I’d have been tempted, with any other multi-millionaire, to snap that it was because I was bored with my Rolls. But to Andy I told the truth. ‘D’you remember Aggie?’ I began.
‘You don’t forget the Aggies of this world,’ he said. ‘I’ve brought her some genuine Devon clotted cream: I’ll take it round in a minute.’
‘Well, Aggie’s daughter had just bought it. Then she won a better model in a competition – she wins things all the time,
holidays, hampers, and this is the second time she’s won a car – so I bought it from her.’
He nodded as if impressed.
‘I thought we’d take it to the restaurant,’ I said. ‘Less obtrusive than that thing of yours.’
‘Tobe’s,’ he said.
‘Tobe’s,’ I agreed. ‘Why not your own?’
‘Had a bit of a scrape,’ he said. ‘How long’s that house been empty?’
I blinked at the snub; it was unlike Andy to be edgy. ‘The one opposite? Six months or so. They cut their losses and left. Aggie reckons someone’s going to rent it. The couple in the next house’ll be glad of some company – they’re pretty frail … Are you all right?’

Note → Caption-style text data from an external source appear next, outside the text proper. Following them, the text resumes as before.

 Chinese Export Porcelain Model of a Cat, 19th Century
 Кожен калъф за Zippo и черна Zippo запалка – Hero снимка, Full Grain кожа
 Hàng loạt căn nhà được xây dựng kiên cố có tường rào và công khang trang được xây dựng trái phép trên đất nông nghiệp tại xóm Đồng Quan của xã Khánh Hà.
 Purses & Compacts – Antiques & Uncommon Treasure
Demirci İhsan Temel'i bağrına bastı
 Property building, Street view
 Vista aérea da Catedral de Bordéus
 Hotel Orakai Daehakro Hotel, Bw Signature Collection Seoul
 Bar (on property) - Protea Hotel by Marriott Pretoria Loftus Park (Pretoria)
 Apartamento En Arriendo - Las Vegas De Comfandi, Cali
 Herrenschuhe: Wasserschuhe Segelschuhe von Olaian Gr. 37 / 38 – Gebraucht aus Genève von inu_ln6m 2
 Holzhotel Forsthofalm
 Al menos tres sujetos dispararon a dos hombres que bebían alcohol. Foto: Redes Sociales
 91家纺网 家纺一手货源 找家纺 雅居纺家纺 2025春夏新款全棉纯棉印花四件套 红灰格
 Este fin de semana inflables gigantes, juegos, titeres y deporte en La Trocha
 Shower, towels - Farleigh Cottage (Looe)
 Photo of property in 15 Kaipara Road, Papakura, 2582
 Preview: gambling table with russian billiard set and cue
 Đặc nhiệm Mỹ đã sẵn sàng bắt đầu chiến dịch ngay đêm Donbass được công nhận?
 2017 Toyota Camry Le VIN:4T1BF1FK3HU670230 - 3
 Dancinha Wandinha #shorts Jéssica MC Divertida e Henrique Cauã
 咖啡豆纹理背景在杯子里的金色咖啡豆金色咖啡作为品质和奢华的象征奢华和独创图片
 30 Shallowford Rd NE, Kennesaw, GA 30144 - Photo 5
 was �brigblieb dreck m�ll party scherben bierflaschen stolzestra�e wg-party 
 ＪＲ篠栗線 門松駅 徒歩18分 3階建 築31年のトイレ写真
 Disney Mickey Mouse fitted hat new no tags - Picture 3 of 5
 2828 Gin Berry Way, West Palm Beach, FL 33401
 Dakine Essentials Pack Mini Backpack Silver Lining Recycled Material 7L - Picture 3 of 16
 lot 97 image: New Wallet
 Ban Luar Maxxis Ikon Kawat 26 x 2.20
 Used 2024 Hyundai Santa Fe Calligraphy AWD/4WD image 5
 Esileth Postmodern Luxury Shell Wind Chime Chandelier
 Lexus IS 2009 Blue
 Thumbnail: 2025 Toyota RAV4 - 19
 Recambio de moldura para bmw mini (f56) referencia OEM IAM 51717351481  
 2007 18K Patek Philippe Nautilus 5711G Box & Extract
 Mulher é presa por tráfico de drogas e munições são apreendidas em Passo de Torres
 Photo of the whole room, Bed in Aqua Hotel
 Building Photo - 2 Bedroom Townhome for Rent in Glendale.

‘Feeling the cold in these northern climes.’ He grinned reassuringly. ‘Let’s go back in. Then I’ll have a pee and we’ll go and eat.’
The restaurant wasn’t licensed so I fished a four-pack of lager out from the pantry. Andy eyed it. ‘Why don’t I drive your car so you can drink?’
‘You’re off booze?’
‘For a bit. Until I – for a bit.’
I looked at him sharply, but he had already picked up his case and was heading towards his bedroom.
It took him a few minutes to deliver the cream to my next-door neighbour and then we set off. He was in vegetarian mode again, after a summer as a carnivore. I didn’t comment: after a stint working at the African hospital financed by his trust fund, he often ate frugally. He wasn’t ostentatious about it, or about giving up alcohol, which he also did from time to time – no one could ever tell from his behaviour at parties that he wasn’t genuinely tipsy on nothing stronger than mineral water.
‘Channa’s excellent,’ he said, gesturing with a piece of garlic nan.
‘So’s my biryani,’ I replied, spearing a prawn.
We both smiled at Ahmed, the waiter, who had come not to be sycophantic but to enquire, as he always did, how we were getting on. It was my approval, not Andy’s, he was seeking; I was a valued regular, a customer long before the take-away spawned the restaurant, and Andy was valuable as a friend of mine, not as an international megastar – even if he recognised him as such. Ahmed smiled on us almost equally and withdrew. He soon returned with a jug of water.